▸ **The task**:
In the records below, begin at the line containing "DanitaDelimont.com Framed Print" and end at the line containing "vhn gi puppy dog dry b1 mv2 image"; quote every line in that span exactly, including both boundary lines, and no others.

▸ **Extracted records**:
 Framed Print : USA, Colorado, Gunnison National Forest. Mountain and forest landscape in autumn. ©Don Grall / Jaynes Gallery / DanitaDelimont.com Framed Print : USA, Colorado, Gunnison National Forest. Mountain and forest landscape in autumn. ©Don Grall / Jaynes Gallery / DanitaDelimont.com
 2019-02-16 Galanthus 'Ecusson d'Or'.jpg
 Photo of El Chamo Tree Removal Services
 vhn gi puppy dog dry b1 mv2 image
--
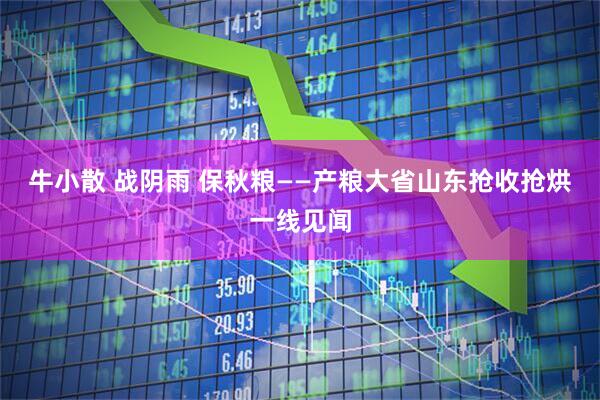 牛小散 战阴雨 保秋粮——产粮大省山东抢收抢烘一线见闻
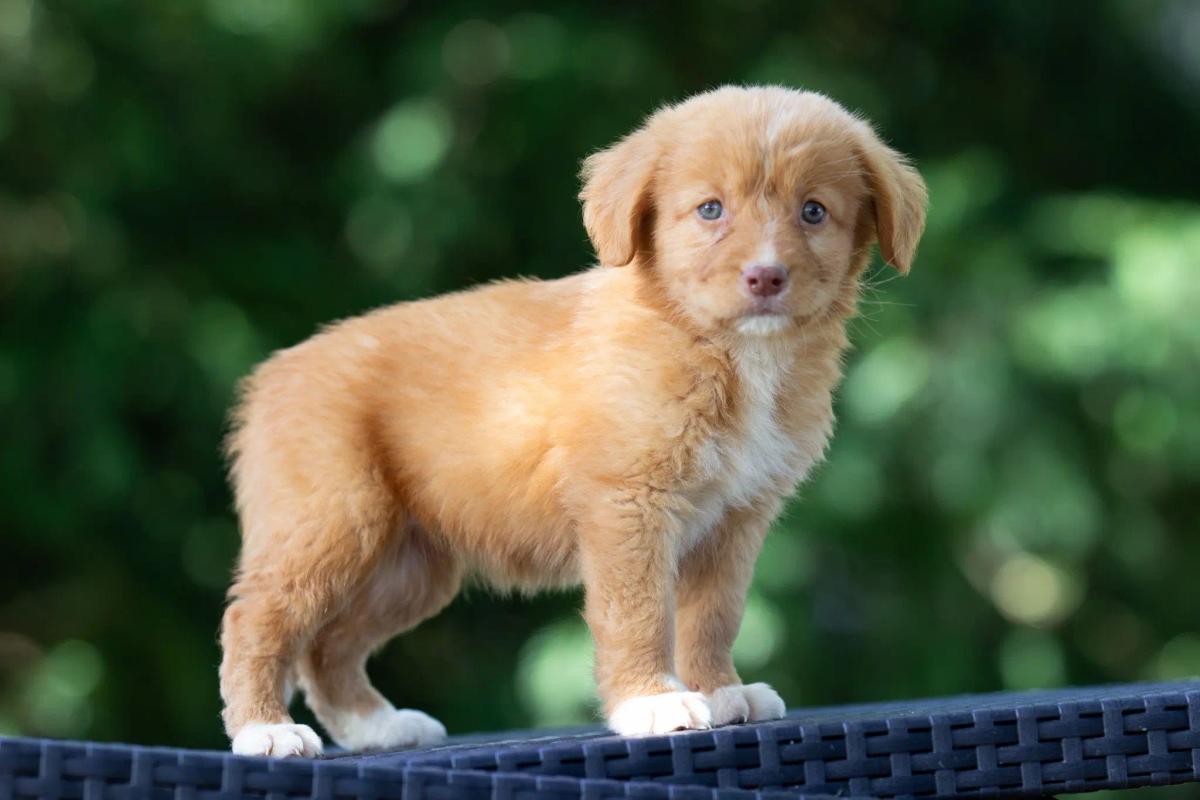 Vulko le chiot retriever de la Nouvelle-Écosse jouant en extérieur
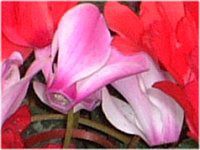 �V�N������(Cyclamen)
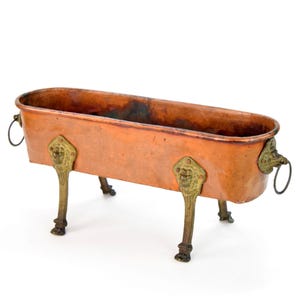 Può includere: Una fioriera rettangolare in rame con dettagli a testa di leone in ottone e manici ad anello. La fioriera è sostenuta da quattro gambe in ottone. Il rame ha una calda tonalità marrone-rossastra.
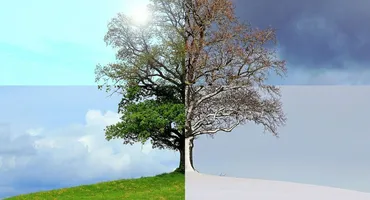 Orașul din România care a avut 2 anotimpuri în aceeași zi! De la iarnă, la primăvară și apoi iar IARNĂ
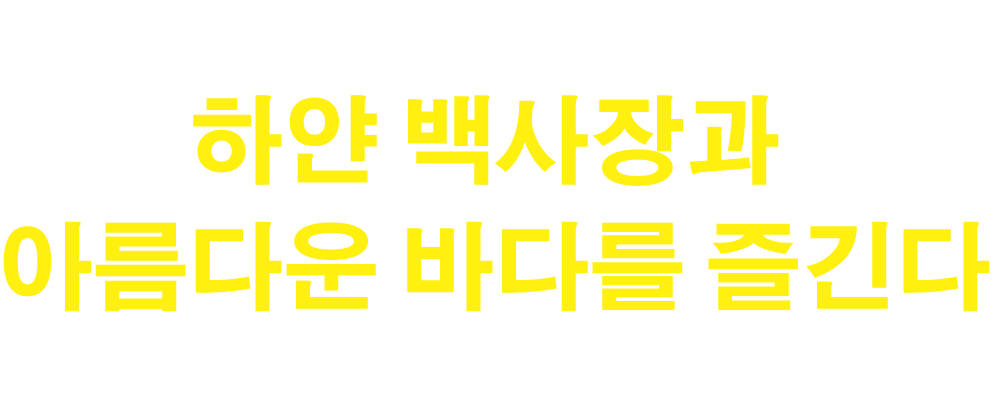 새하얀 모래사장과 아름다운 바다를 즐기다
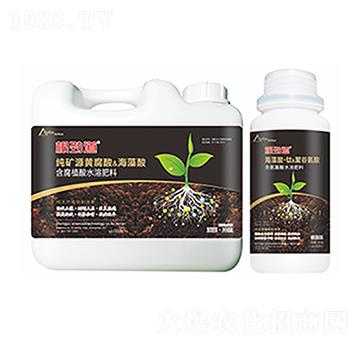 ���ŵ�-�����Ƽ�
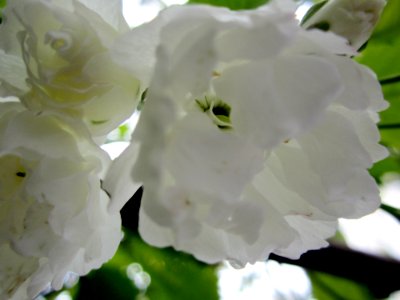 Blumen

▸ **Answer for the task**:
 Framed Print : USA, Colorado, Gunnison National Forest. Mountain and forest landscape in autumn. ©Don Grall / Jaynes Gallery / DanitaDelimont.com Framed Print : USA, Colorado, Gunnison National Forest. Mountain and forest landscape in autumn. ©Don Grall / Jaynes Gallery / DanitaDelimont.com
 2019-02-16 Galanthus 'Ecusson d'Or'.jpg
 Photo of El Chamo Tree Removal Services
 vhn gi puppy dog dry b1 mv2 image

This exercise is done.